Joy Plots are a really handy way to get a quick, qualitative impression of a data set. They also look really cool. So I decided to put together a Python package to make them.

Joy plots have been around a long time, but have become popular in the last while in the data visualisation community. The name doesn’t come from the the sense of joy engendered by looking at the plots but from the band Joy Division, who put one on the cover of their classic Unknown Pleasures album. It’s a slightly cryptic album cover, just a series of spiky line plots, white-on-black, stacked to create a kind of 3D mountain range effect. It’s an image that you’ve definitely seen, even if you’ve never listened to music in your life.

pleasures

You’d have to agree that this is a very cool plot, and it’s probably the most famous piece of data visualisation ever. Like most good things it’s got an astrophysics connection, the data plotted here are observations of the first pulsar discovered, CP-1919. Pulsars are rapidly rotating neutron stars that emit pulses of radio waves as they spin - think of the beam from a light-house. This plot shows the intensity of the radio waves detected; each line represents one rotation, with time running left to right, and successive rotations are stacked from bottom to top. These objects were discovered in 1967 by Northern Irish astronomer Jocelyn Bell Burnell while she was a PhD student at Cambridge. She didn’t make this image however, it comes from the PhD thesis of a guy called Harold Craft. A good plot is timeless, and in my own doctoral work I found myself using exactly this kind of plot to look at how light from binary stars changed as the stars orbited one another.

You don’t need to be an astrophysicist to make these though, any time that you’ve got data that can be grouped according to some categorical variable then joy plots can be a good tool to use. Since the end of last summer I’ve seen a lot of these plots around, probably because of the release of the R package ggjoy (since rebranded ggridges). Last summer I decided to write a Python package to do the same job, the source code is here and you can download it from Pip pip install pyjoyplot.

The package itself is pretty straightforward, it’s just a thin wrapper to matplotlib. It uses the same kind of API as seaborn, it consumes a dataframe along with some keywords and gives back an ax object. To give you an example, here’s a data set that I can across online:

activity	time	playing	Hours
Playing football	380.0	0.000006	6.333333
Playing baseball	940.0	0.000367	15.666667
Playing baseball	630.0	0.000124	10.500000
Rollerblading	330.0	0.000004	5.500000
Wrestling	985.0	0.000072	16.416667
Dancing	760.0	0.000069	12.666667
Dancing	900.0	0.000185	15.000000
Dancing	100.0	0.000376	1.666667
Playing racquet sports	645.0	0.000424	10.750000
Wrestling	695.0	0.000022	11.583333

This data set contains a bunch of sporting activities, a set of times (in minutes since midnight), and a proportion of people doing the acitivities at that time.
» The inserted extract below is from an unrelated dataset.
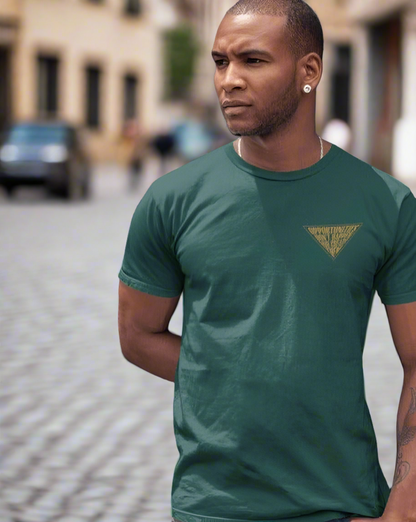 Woke Pharaoh Graphic T-Shirt - Premium T-Shirt from Litty Slumz - Just $25! Shop Now & Pay Later; Only Available For Clothing Apparels.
I think. Anyway it’s not really important, the point is we can use pyjoyplot to visualise these data.

import pyjoyplot as pjp
import pandas as pd

df = pd.read_csv('sports.csv')
df['hours'] = df.time / 60

pjp.plot(data=df, x='hours',  y='playing', hue='activity')

We hand in the dataframe, and specify the $x$ axis, $y$ axis, and the hue, where hue designates the categorical variable to be grouped over, and we end up with this:

pjp1

Easy! These data are a bit rough around the edges, so maybe we’d like to smooth them a little to make things cleaner. To do that we can just set the smooth parameter which computes a rolling mean using a sliding window of whatever width you specify:

pjp.plot(data=df, x='hours',
              y='playing', hue='activity', smooth=10)

and we get

pjp2

Nice and straightforward, and not a bad looking plot if I do say so myself.

One other thing that the package support is stacking histograms. Take the classic iris data set,

sepal_length	sepal_width	petal_length	petal_width	species
5.5	2.3	4.0	1.3	versicolor
7.3	2.9	6.3	1.8	virginica
5.2	4.1	1.5	0.1	setosa
6.7	3.1	4.7	1.5	versicolor
6.8	3.0	5.5	2.1	virginica

Here we have 4 parameters for 3 different kinds of iris. Let’s say we wanted to get an idea of the distribution of sepal length for each type, we can do this:

pjp.plot(data=iris, x='sepal_length', hue='species', bins=10, kind='hist')

Much as before we hand in the dataframe, specify the variable we want to bin as $x$, and the variable we want to group on has hue. This time however we say that we want a histogram, and give a number of bins too, and we get:

iris

Lovely.

I’ve seen a bit of interest in making plots like these in the last while, seaborn posted a recipe, bokeh too, and there’s at least one other package out there, so you’re spoiled for choice!